Work task: Make an exact copy of the records that follow, with each picture omitted.

[Dataset records]
* * *

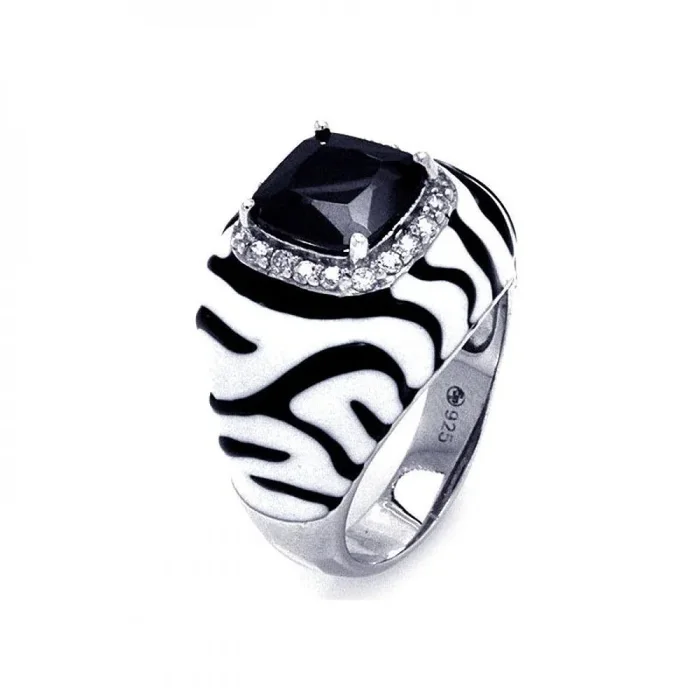 Anillo de plata 925 rodiada con esmalte blanco y negro, con centro negro y circonitas blancas en racimo, raya de cebra – STR00874
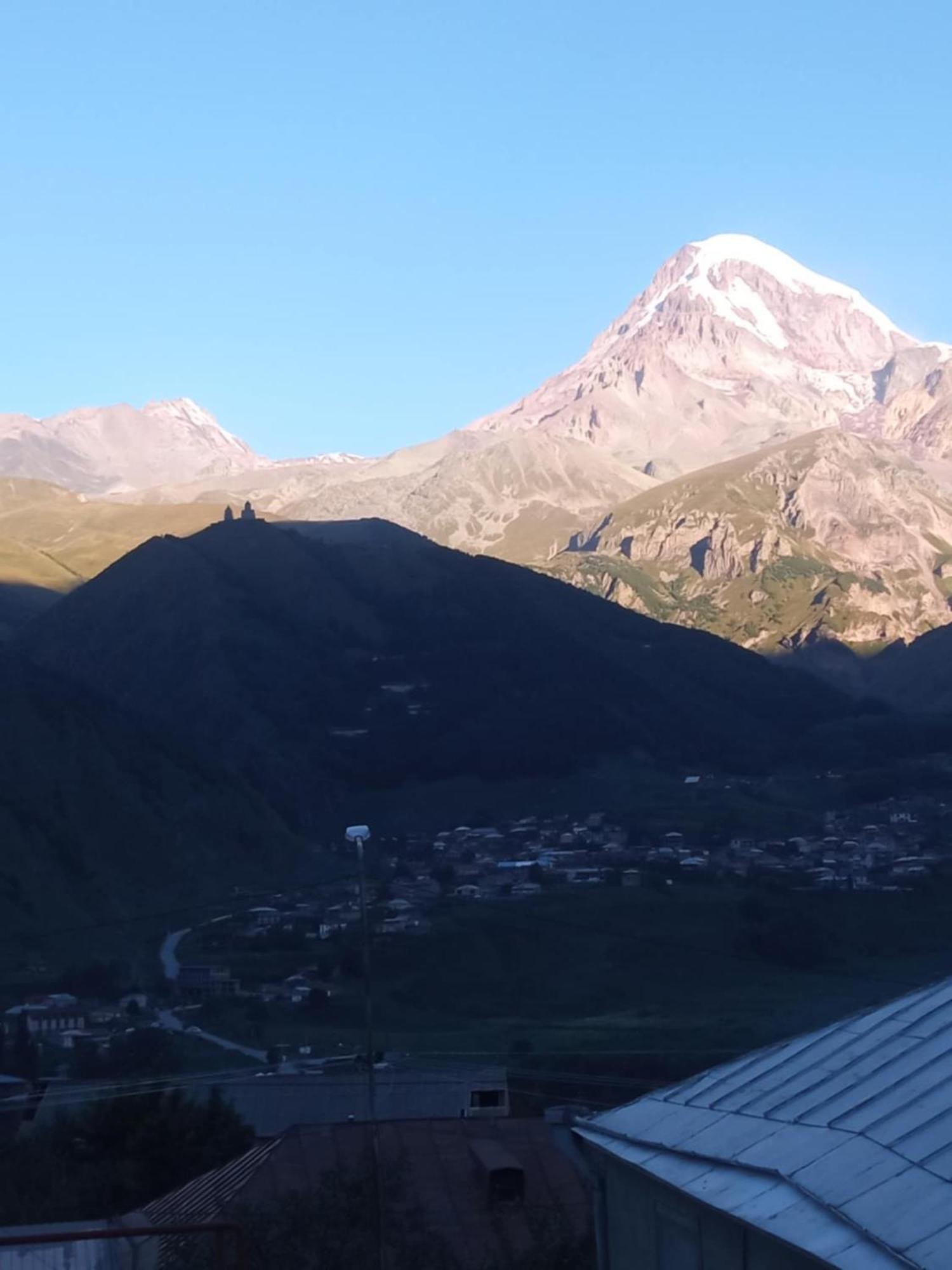 Guesthouse Relax In Kazbegi מראה חיצוני תמונה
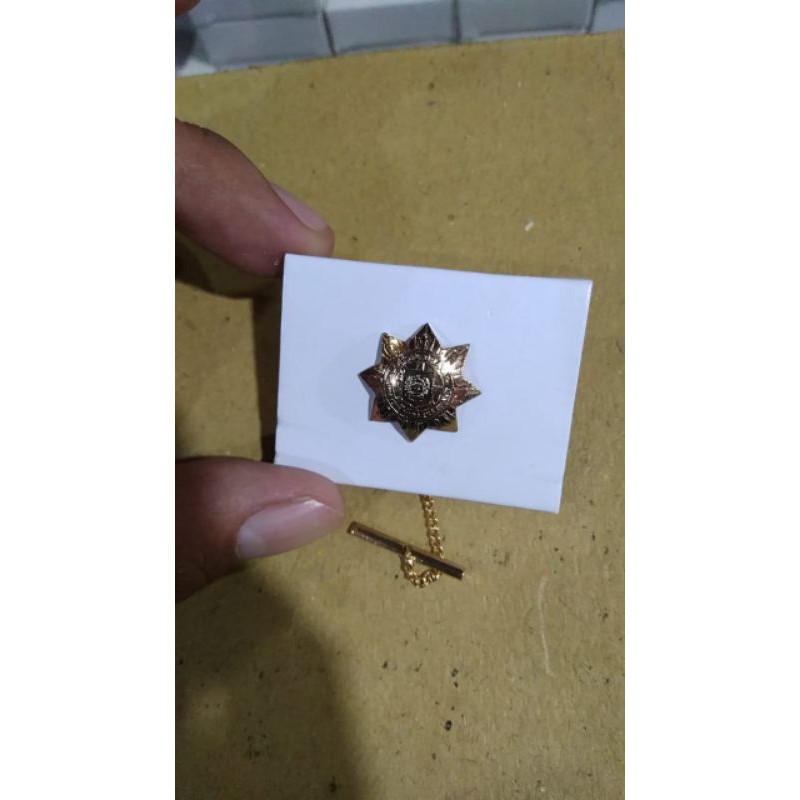 Pin kerah Purna emas bintang 8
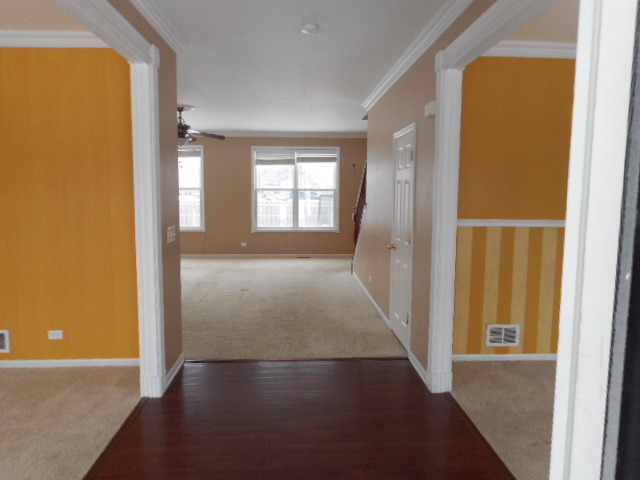2449 Lambert Dr, Aurora, IL 60503 photo 6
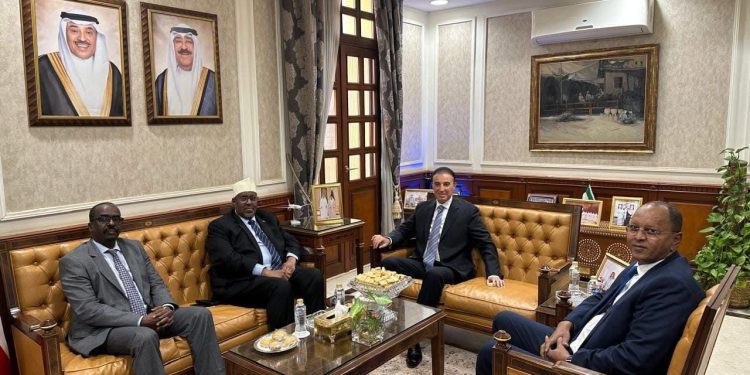 سفير الصومال بالقاهرة يلتقي المندوب الدائم لدولة الكويت لدى جامعة الدول العربية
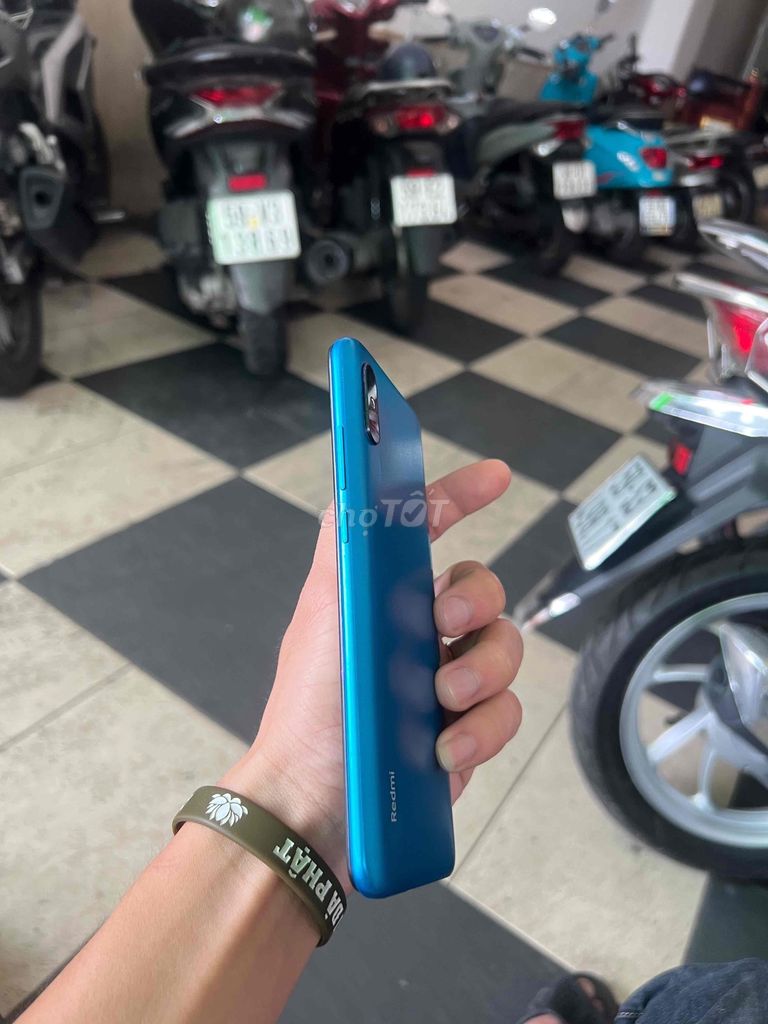 Cầm đồ thanh lý redmi khách trễ hạn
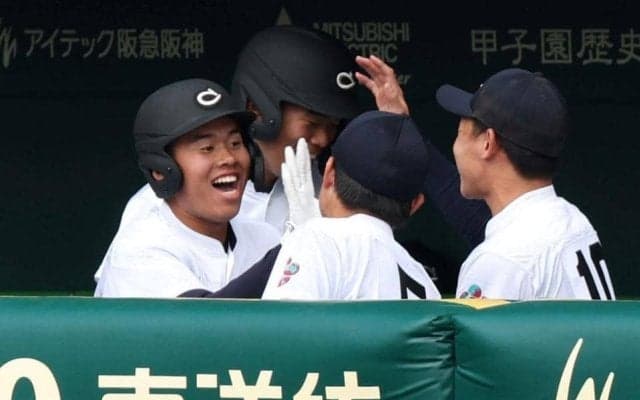 今大会第１号の中京大中京・松田「打った瞬間は確信はなかった」　自身公式戦初アーチでダイヤモンド１周「とても最高の景色でした」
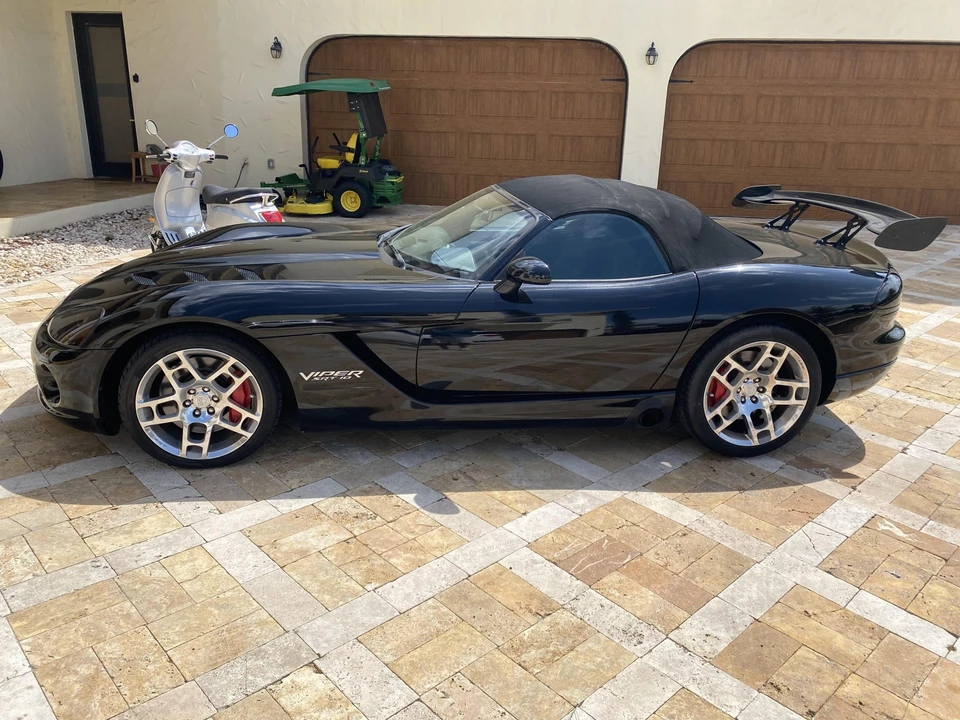 2008 Dodge Viper 4th Gen - Image 15 of 31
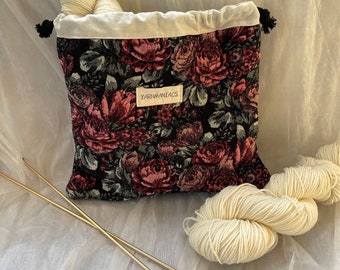 Vintage flower project bag for knitters, crochet or other crafts.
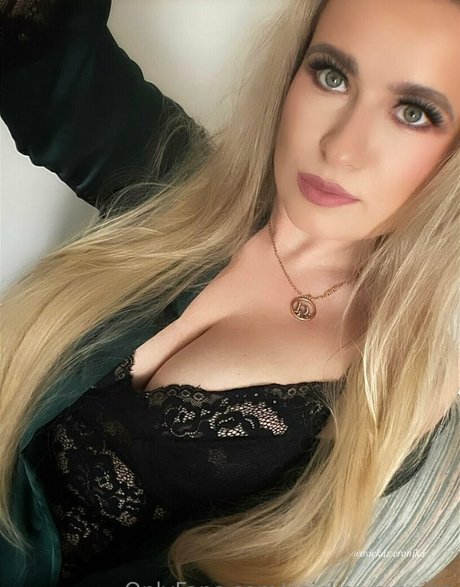 osickaweronika model nude pics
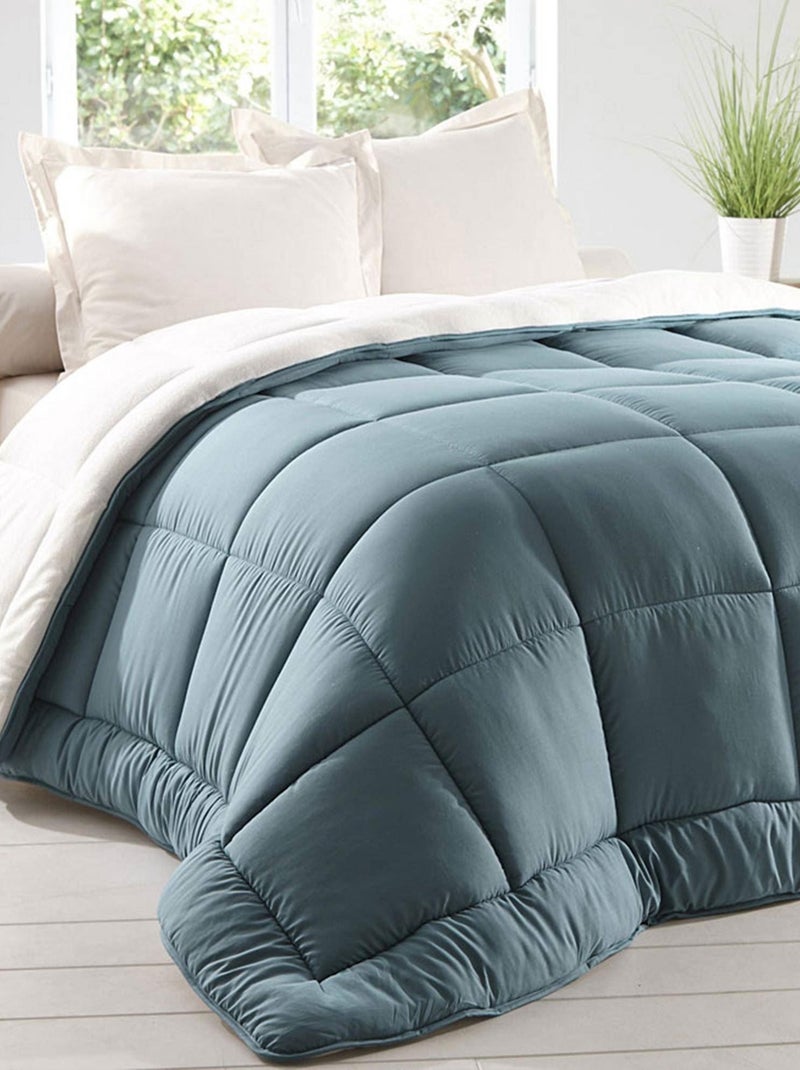 Becquet - Couette tempérée COUETTE DOUBLE FACE MICROFIBRE en polyester Bleu foncé - Kiabi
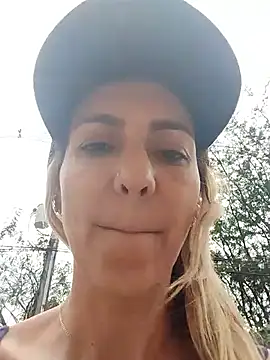 monita_med (F milf) - Dedos anal y Lush vaginal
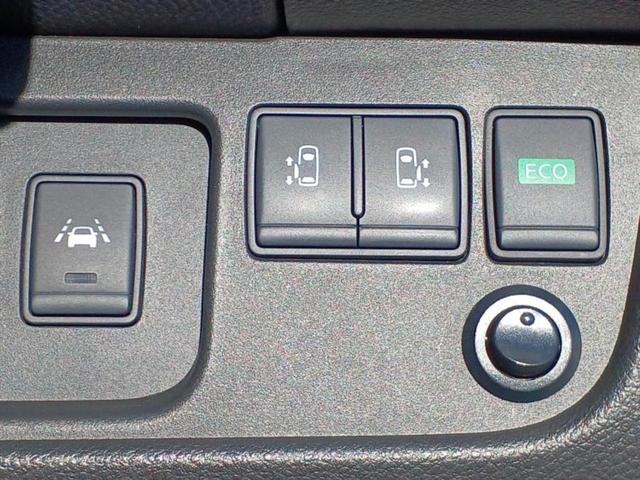 セレナ ライダーブラックラインHV 純正 8インチ SDナビ/フリップダウンモニター 純正 10.2インチ/両側電動スライドドア/ヘッドランプ HID/ETC/EBD付ABS/横滑り防止装置/アイドリングストップ ローダウン 記録簿(33枚目)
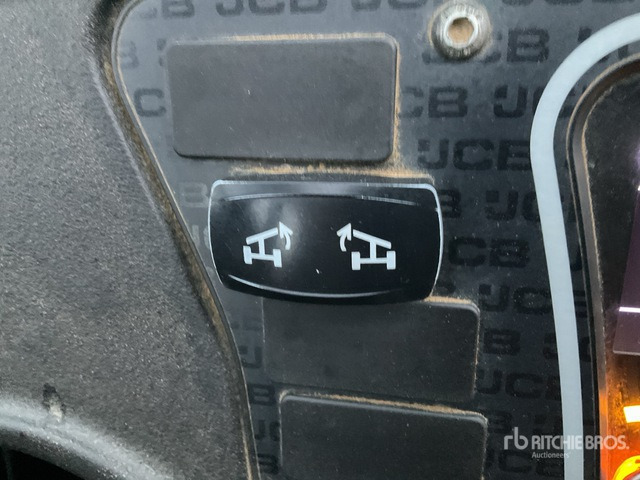 2019 JCB 540-140 Telehandler - 伸缩臂叉装车:图4 2019 JCB 540-140 Telehandler - 伸缩臂叉装车:图4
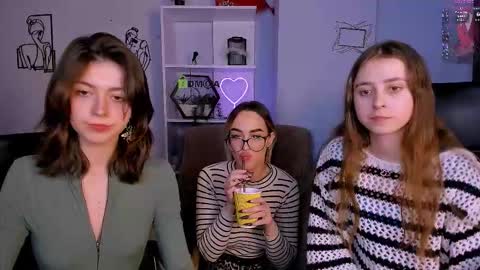 rebecca_smile_ online show from 01/16/26, 08:24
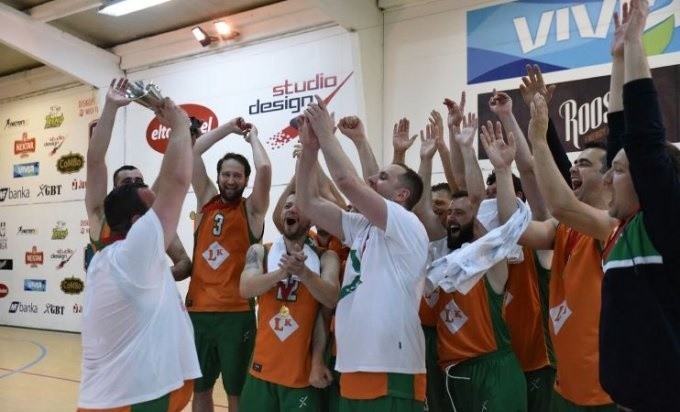 ZAVRŠENA KOŠARKAŠKA BIZNIS LIGA "Leburić komerc" slavio u finalu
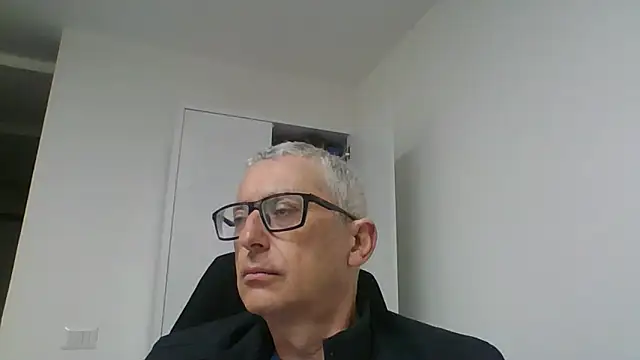 Snapshot of Sensor2000 chatting on March 3, 2026, 11:49 am Sensor2000 online show from March 3, 2026, 11:49 am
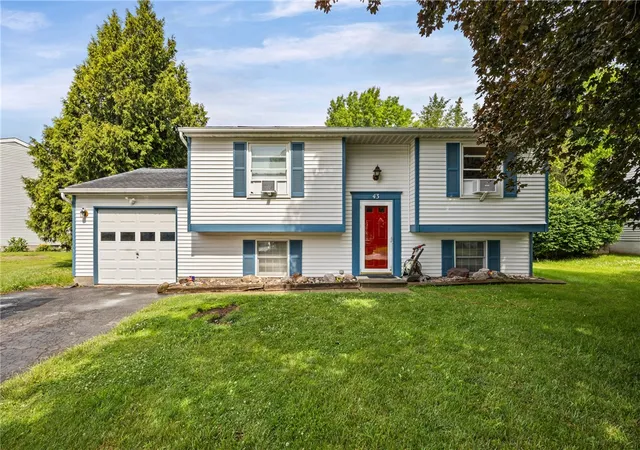 3rd image of 43 Curtisdale Ln, Hamlin, NY 14464 | MLS# R1696532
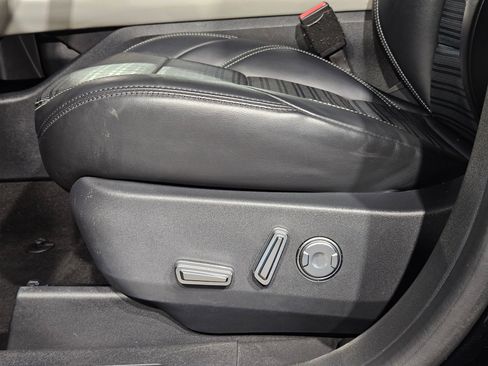 Used 2024 Lincoln Nautilus Reserve image 23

* * *

Solution for this problem:
 Anillo de plata 925 rodiada con esmalte blanco y negro, con centro negro y circonitas blancas en racimo, raya de cebra – STR00874
 Guesthouse Relax In Kazbegi מראה חיצוני תמונה
 Pin kerah Purna emas bintang 8
2449 Lambert Dr, Aurora, IL 60503 photo 6
 سفير الصومال بالقاهرة يلتقي المندوب الدائم لدولة الكويت لدى جامعة الدول العربية
 Cầm đồ thanh lý redmi khách trễ hạn
 今大会第１号の中京大中京・松田「打った瞬間は確信はなかった」　自身公式戦初アーチでダイヤモンド１周「とても最高の景色でした」
 2008 Dodge Viper 4th Gen - Image 15 of 31
 Vintage flower project bag for knitters, crochet or other crafts.
 osickaweronika model nude pics
 Becquet - Couette tempérée COUETTE DOUBLE FACE MICROFIBRE en polyester Bleu foncé - Kiabi
 monita_med (F milf) - Dedos anal y Lush vaginal
 セレナ ライダーブラックラインHV 純正 8インチ SDナビ/フリップダウンモニター 純正 10.2インチ/両側電動スライドドア/ヘッドランプ HID/ETC/EBD付ABS/横滑り防止装置/アイドリングストップ ローダウン 記録簿(33枚目)
 2019 JCB 540-140 Telehandler - 伸缩臂叉装车:图4 2019 JCB 540-140 Telehandler - 伸缩臂叉装车:图4
 rebecca_smile_ online show from 01/16/26, 08:24
 ZAVRŠENA KOŠARKAŠKA BIZNIS LIGA "Leburić komerc" slavio u finalu
 Snapshot of Sensor2000 chatting on March 3, 2026, 11:49 am Sensor2000 online show from March 3, 2026, 11:49 am
 3rd image of 43 Curtisdale Ln, Hamlin, NY 14464 | MLS# R1696532
 Used 2024 Lincoln Nautilus Reserve image 23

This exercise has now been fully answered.